__AVAILABLE DATA__
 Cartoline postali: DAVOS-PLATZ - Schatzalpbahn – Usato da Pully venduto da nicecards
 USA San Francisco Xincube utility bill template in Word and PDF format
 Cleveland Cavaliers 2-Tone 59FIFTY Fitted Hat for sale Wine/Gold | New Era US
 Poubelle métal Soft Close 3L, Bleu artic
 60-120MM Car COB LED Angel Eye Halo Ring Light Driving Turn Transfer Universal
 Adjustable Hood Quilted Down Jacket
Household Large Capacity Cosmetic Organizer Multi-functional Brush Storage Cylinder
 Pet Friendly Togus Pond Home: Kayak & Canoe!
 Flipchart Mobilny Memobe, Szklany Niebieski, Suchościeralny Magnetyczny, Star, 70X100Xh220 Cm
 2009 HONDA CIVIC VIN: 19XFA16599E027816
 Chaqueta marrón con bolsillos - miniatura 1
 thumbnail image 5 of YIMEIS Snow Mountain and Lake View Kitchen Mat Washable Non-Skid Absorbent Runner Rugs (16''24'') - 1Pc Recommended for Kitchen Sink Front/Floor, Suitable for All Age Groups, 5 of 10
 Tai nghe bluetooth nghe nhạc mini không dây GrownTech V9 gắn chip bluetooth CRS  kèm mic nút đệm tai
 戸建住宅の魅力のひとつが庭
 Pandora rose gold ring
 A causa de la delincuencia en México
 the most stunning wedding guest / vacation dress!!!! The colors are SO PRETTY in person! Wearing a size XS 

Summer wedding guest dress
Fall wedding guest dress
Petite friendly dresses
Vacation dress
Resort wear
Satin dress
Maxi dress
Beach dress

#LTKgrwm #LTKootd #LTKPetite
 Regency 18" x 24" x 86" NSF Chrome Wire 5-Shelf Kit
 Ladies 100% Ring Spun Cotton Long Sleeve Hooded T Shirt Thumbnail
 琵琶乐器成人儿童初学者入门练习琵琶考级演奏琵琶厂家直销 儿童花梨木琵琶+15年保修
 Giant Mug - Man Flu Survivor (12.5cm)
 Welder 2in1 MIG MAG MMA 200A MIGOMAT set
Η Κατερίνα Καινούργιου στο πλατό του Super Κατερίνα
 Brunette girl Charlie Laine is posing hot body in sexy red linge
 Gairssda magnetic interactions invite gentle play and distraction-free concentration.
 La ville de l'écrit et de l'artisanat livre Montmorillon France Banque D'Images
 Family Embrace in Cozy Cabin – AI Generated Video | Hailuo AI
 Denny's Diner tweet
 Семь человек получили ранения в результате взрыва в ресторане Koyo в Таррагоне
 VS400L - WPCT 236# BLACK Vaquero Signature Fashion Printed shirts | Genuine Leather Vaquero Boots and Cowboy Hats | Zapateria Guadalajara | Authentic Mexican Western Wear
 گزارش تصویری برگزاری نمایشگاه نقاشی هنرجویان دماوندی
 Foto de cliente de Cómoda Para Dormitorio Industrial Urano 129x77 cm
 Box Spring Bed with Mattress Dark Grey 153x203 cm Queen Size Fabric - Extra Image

__YOUR GOAL__
The full listing needs to be output again, exactly as it reads.

__REPLY TO THE EXERCISE__
 Cartoline postali: DAVOS-PLATZ - Schatzalpbahn – Usato da Pully venduto da nicecards
 USA San Francisco Xincube utility bill template in Word and PDF format
 Cleveland Cavaliers 2-Tone 59FIFTY Fitted Hat for sale Wine/Gold | New Era US
 Poubelle métal Soft Close 3L, Bleu artic
 60-120MM Car COB LED Angel Eye Halo Ring Light Driving Turn Transfer Universal
 Adjustable Hood Quilted Down Jacket
Household Large Capacity Cosmetic Organizer Multi-functional Brush Storage Cylinder
 Pet Friendly Togus Pond Home: Kayak & Canoe!
 Flipchart Mobilny Memobe, Szklany Niebieski, Suchościeralny Magnetyczny, Star, 70X100Xh220 Cm
 2009 HONDA CIVIC VIN: 19XFA16599E027816
 Chaqueta marrón con bolsillos - miniatura 1
 thumbnail image 5 of YIMEIS Snow Mountain and Lake View Kitchen Mat Washable Non-Skid Absorbent Runner Rugs (16''24'') - 1Pc Recommended for Kitchen Sink Front/Floor, Suitable for All Age Groups, 5 of 10
 Tai nghe bluetooth nghe nhạc mini không dây GrownTech V9 gắn chip bluetooth CRS  kèm mic nút đệm tai
 戸建住宅の魅力のひとつが庭
 Pandora rose gold ring
 A causa de la delincuencia en México
 the most stunning wedding guest / vacation dress!!!! The colors are SO PRETTY in person! Wearing a size XS 

Summer wedding guest dress
Fall wedding guest dress
Petite friendly dresses
Vacation dress
Resort wear
Satin dress
Maxi dress
Beach dress

#LTKgrwm #LTKootd #LTKPetite
 Regency 18" x 24" x 86" NSF Chrome Wire 5-Shelf Kit
 Ladies 100% Ring Spun Cotton Long Sleeve Hooded T Shirt Thumbnail
 琵琶乐器成人儿童初学者入门练习琵琶考级演奏琵琶厂家直销 儿童花梨木琵琶+15年保修
 Giant Mug - Man Flu Survivor (12.5cm)
 Welder 2in1 MIG MAG MMA 200A MIGOMAT set
Η Κατερίνα Καινούργιου στο πλατό του Super Κατερίνα
 Brunette girl Charlie Laine is posing hot body in sexy red linge
 Gairssda magnetic interactions invite gentle play and distraction-free concentration.
 La ville de l'écrit et de l'artisanat livre Montmorillon France Banque D'Images
 Family Embrace in Cozy Cabin – AI Generated Video | Hailuo AI
 Denny's Diner tweet
 Семь человек получили ранения в результате взрыва в ресторане Koyo в Таррагоне
 VS400L - WPCT 236# BLACK Vaquero Signature Fashion Printed shirts | Genuine Leather Vaquero Boots and Cowboy Hats | Zapateria Guadalajara | Authentic Mexican Western Wear
 گزارش تصویری برگزاری نمایشگاه نقاشی هنرجویان دماوندی
 Foto de cliente de Cómoda Para Dormitorio Industrial Urano 129x77 cm
 Box Spring Bed with Mattress Dark Grey 153x203 cm Queen Size Fabric - Extra Image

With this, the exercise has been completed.